Ingoio ancora un po' di whiskey, rimasto sotto la lingua, vorrei la bottiglia qui, continua la visione:
Sono in corridoio, lui parla, lei ride, ride sempre, quella troia, col suo capo.
Sono alle macchinette, lui le sfiora piano la mandibola con l'indice, piegato, molto dolce, molto esperto, lei china il capo all'indietro, si baciano. 
Non ci riesco più e devo togliere gli orecchini dalla carne viva, dei pollici. L'oro bianco scotta come un tizzone di brace, perché sto piangendo, se sapevo già tutto? Oggi mi sono solo visto annegare.      
Riguardo quei piccoli occhi, li rigiro, ora sono neri, paiono morti o bruciati, sono inutili, arsi dal loro potere.

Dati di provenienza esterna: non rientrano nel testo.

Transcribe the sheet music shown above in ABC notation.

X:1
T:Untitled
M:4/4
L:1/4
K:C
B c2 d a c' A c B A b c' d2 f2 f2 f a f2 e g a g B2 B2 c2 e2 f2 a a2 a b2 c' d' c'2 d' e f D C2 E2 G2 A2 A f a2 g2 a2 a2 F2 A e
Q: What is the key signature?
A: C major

Ora so, che ho costruito una storia di ragnatele, ora, davvero, rimetto a posto i due gingilli. Son tornati piccoli diamanti, rieccoli: perfetti, luminosissimi, e io che pensavo di aver preso qualcosa di poco conto. Son bellissimi, altroché.

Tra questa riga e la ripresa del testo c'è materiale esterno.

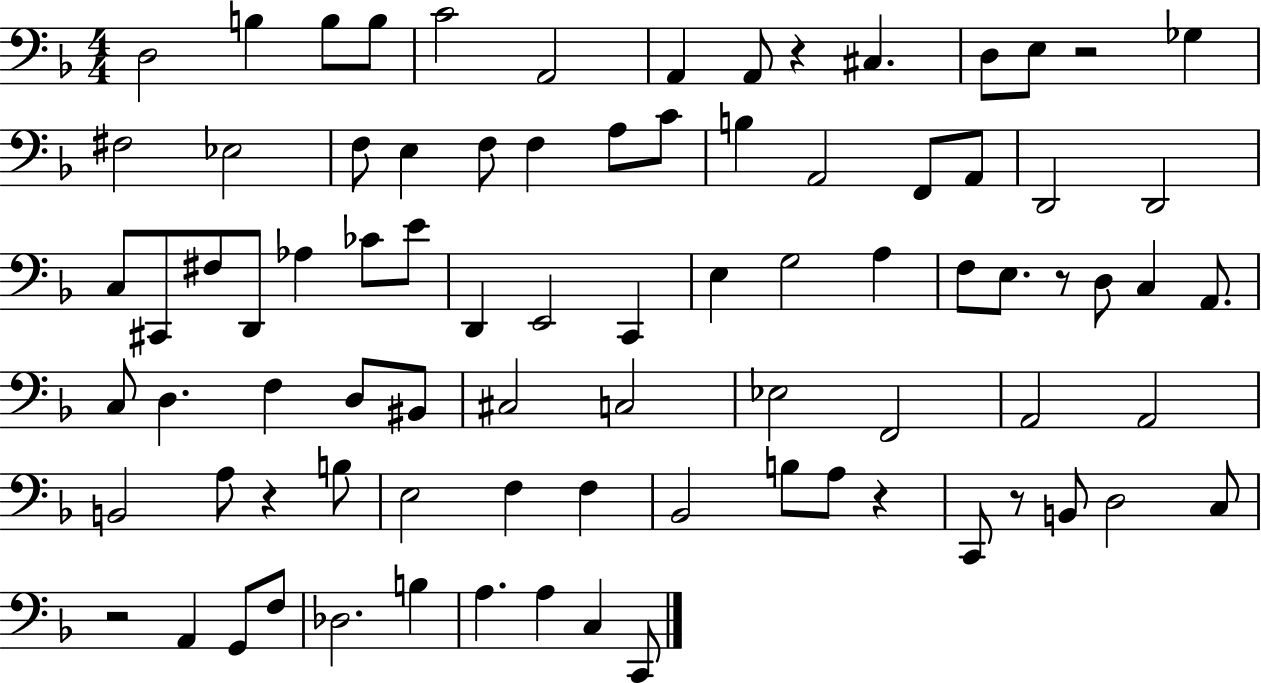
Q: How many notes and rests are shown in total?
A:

Suonano alla porta, apro nudo, i due ragazzotti asiatici, bassi corpulenti, non si scompongono nemmeno. Sistemano i pacchi sui tavolini che ho piazzato in sala, sono sudati, ma efficienti, molti spicci tintinnano nelle loro tasche, spacchettano, aprono, sfiocchettano, se ne vanno lasciandomi un buffet pronto, due bottiglie in ghiaccio e dei deliziosi animaletti in bamboo, da guarnizione.

- Basta che se li metta, che se li metta stasera, la stronza.
- Ah, si, se li metterà.
Ho ormai nettamente bruciato il pollo.
Mi metto seduto al buio della sala, da solo, come penso nessuno sia mai stato, solo, in un'intera vita. Prendo il pacchetto di sigarette d'emergenza e lo finisco, schiaccio le cicche direttamente sul tappeto. Poi mi rado con cura, after shave freddo sul viso e mi vesto molto bene, tutto in bianco e mi risiedo.
Il sole taglia obliquo le persiane, dalla mia faccia cala lentamente sul petto, le otto e quaranta. 
Linee che si abbassano su di me, io mi inchino dentro loro. Alle linee.
Il portone scatta, rumore di tacchi, con quasi tre quarti d'ora di ritardo, ecco Caterina.
- Oh, ma al cellulare non rispondere
- Scusa ero qui, che pensavo. Ritardo?
- Eh, chiudere la pratica Bonfiglioli, anche il giorno del mio compleanno
- Mi pare che ultimamente non ti dispiaccia, fare tardi in ufficio
- Giulio, non cominciare come al solito
Le verso il primo bicchiere di vino, nota le sigarette sul tappeto e fa finta di niente, tutto chiaro
- Ora vorrei indossassi questi, eh amore...
Caterina prende il pacchettino, quanto è strana, lo apre e ha una bella espressione. Magari le piacciono davvero, magari non sa degli occhi, come può sapere della loro promessa. Non può sapere delle linee e degli occhi, che sono là dentro.
- Che carino, sei andato da Eleonora?
Li infila con calma, che bel collo che ha, Caterina. Poi dritta chiede
- Bella?
Non dico nulla e con una lentezza, una solennità che quasi non mi riconosco, inizio a voltarmi verso di lei.
I suoi lobi, due piccoli occhi verdi sui suoi lobi, ora ancora più luminosi: gli occhi del Dio del controllo, mi fissano, sicuri e spietati come quelli di un rettile, nessuna pupilla, solo due linee.
Senza volerlo, faccio un cenno col capo.
Con la mia rinnovata pace, prendo un calice di vino, è fresco e subito dopo, il tonfo.